Newark Castle is a substantial and fascinating old tower house with many rooms to explore and some original internal features, long held by the turbulent Maxwells, and standing by the banks of the River Clyde near Port Glasgow in Renfrewshire in western Scotland.
Renfrewshire: In Port Glasgow, on minor roads just north of A8, on south shore of River Clyde, at Newark Castle.
HES NS 328745 OS: 63 PA14 5NH
OPEN: Open Apr-Sep, daily 9.30-17.30; last entry 30 mins before closing.
Tel: 01475 741858 Web: www.historicenvironment.scot
Standing on the shore of the Clyde, Newark Castle is a solid and impressive building. It consists of a much-extended simple square 15th-century tower, to which was added a 16th-century gatehouse
block and a large late 16th-century range, to form three sides of a courtyard.
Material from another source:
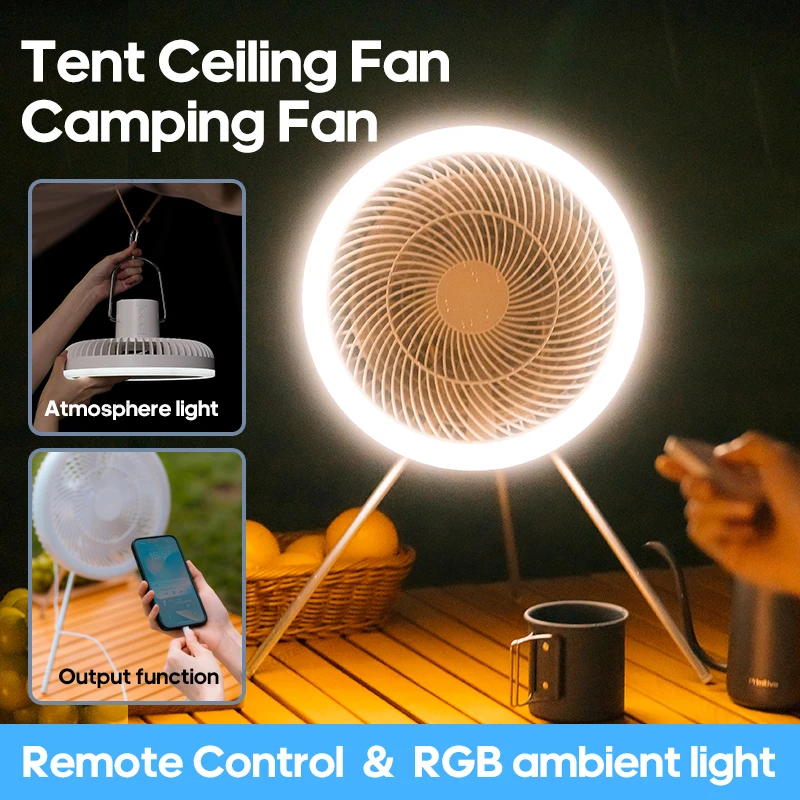 Outdoor Multifunctional Electric Fan 10000mAh Rechargeable Camping Fan Air Circulator Ceiling Fan silent 5 speed with Remote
The remaining side was formerly completed by a wall.
The old tower rises to four storeys, the top storey being built from the original parapet. The windows of the tower have been enlarged.
The entrance leads to a vaulted basement and to a turnpike stair, in one corner, which climbs to all floors.
The tall gatehouse block is three-storeys high with a gabled roof. An arched gateway leads to a vaulted pend, which opens into the courtyard. A turnpike stair climbs to all floors from a guardroom.
The later large range has bartizans at the corners, and the walls are pierced by gunloops. A semi-circular stair-tower, with a conical roof, is corbelled out above first-floor level. This building is dated 1597.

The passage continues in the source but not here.